REQUIRED ACTION
Every record that follows should be written out word for word; the pictures stay out.

[Short text fragments from websites]
*** Begin section ***

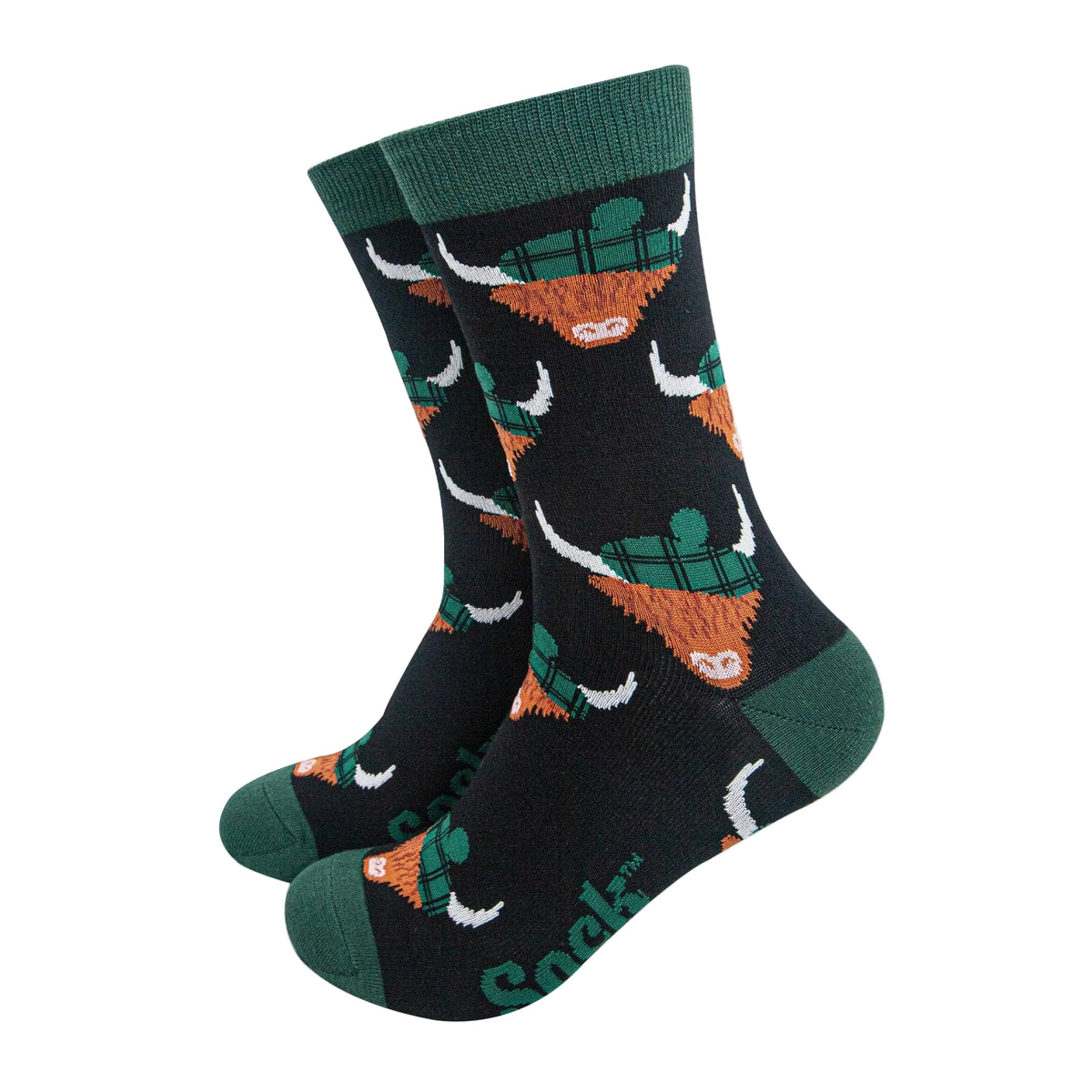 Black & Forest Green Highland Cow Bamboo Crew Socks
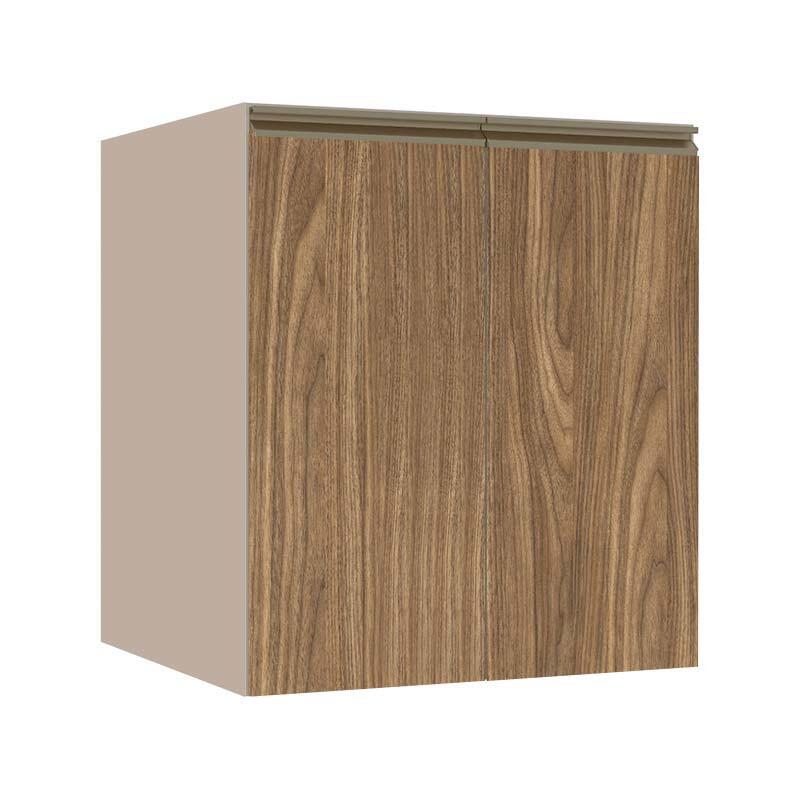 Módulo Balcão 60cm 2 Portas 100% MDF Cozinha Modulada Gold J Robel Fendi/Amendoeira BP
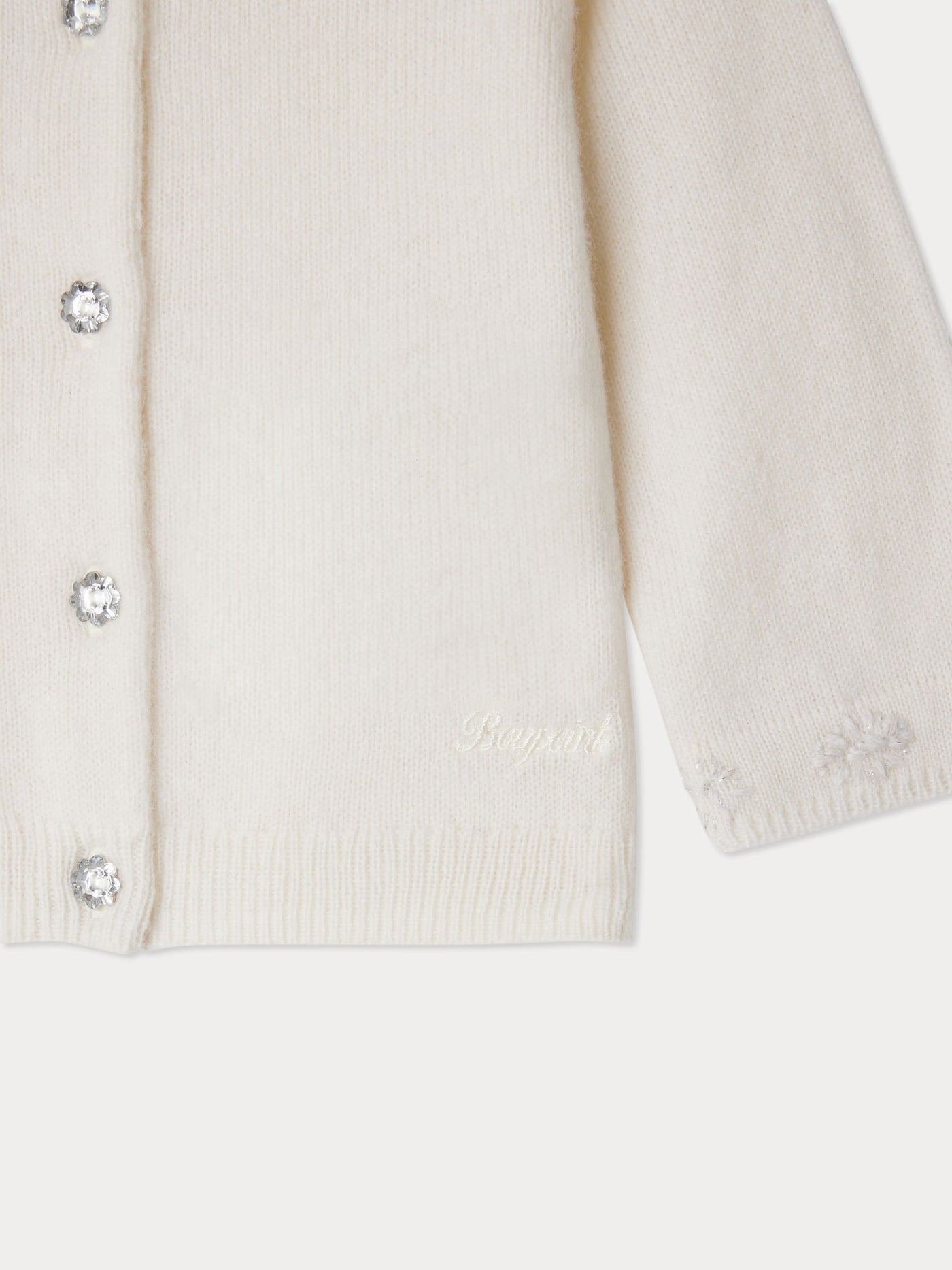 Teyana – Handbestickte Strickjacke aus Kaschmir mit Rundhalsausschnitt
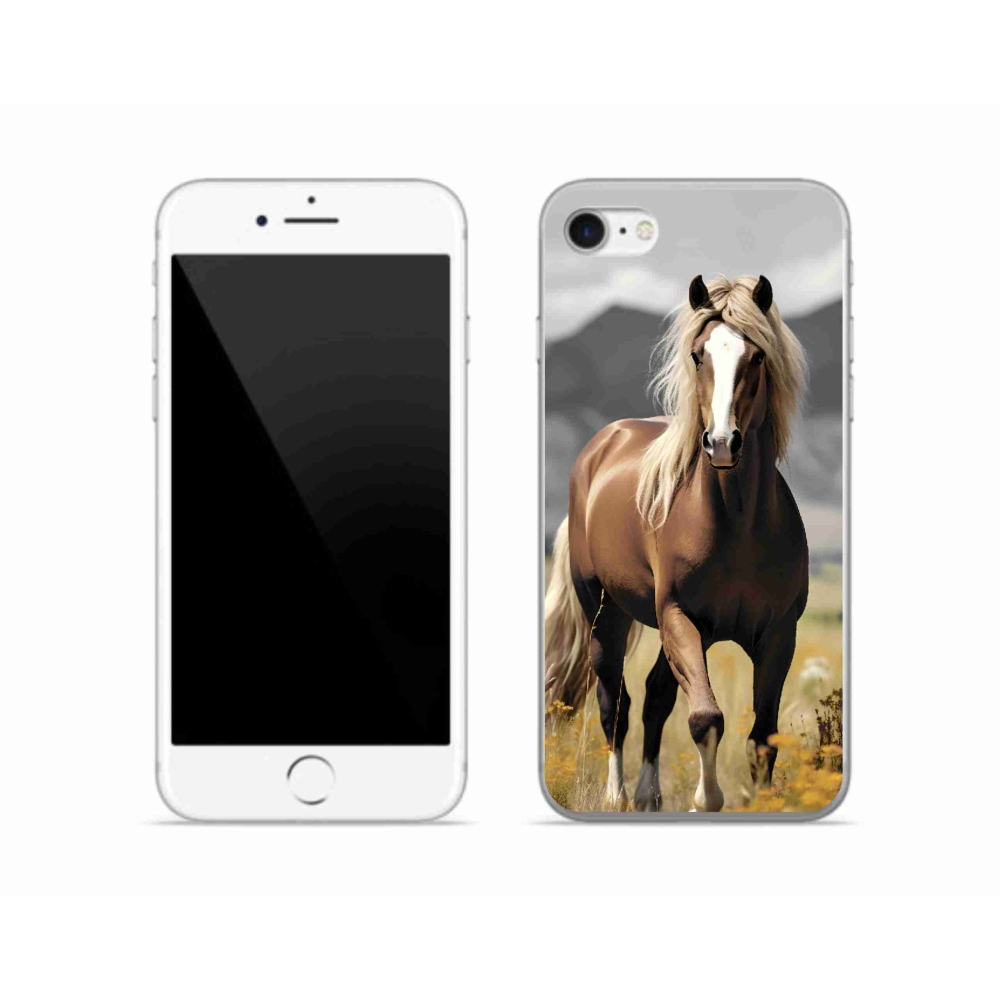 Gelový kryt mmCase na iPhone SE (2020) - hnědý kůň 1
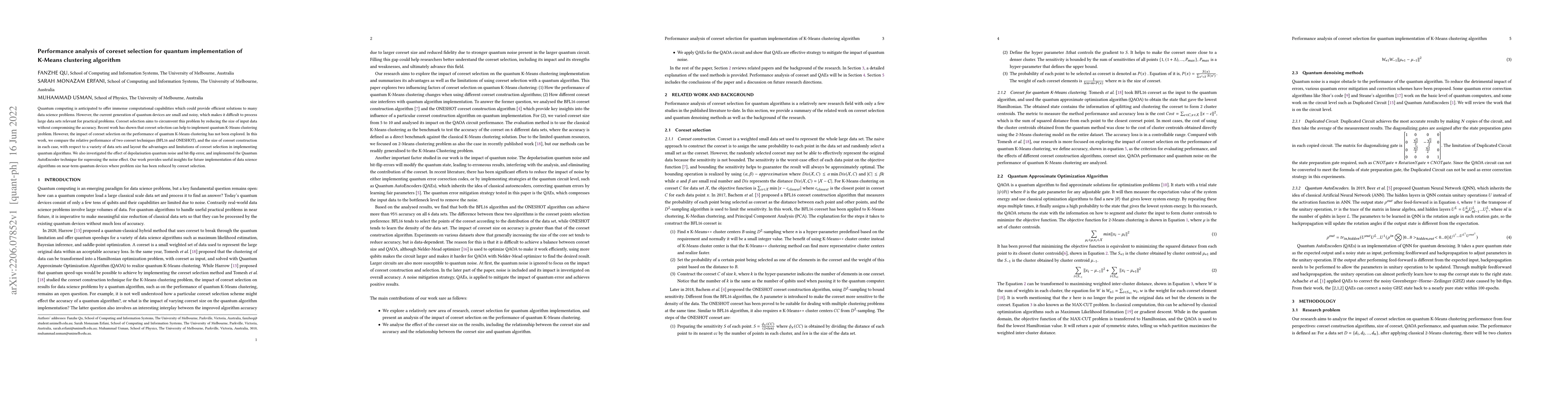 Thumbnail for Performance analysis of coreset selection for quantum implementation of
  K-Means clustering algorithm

*** End section ***

TASK RESULT
 Black & Forest Green Highland Cow Bamboo Crew Socks
 Módulo Balcão 60cm 2 Portas 100% MDF Cozinha Modulada Gold J Robel Fendi/Amendoeira BP
 Teyana – Handbestickte Strickjacke aus Kaschmir mit Rundhalsausschnitt
 Gelový kryt mmCase na iPhone SE (2020) - hnědý kůň 1
 Thumbnail for Performance analysis of coreset selection for quantum implementation of
  K-Means clustering algorithm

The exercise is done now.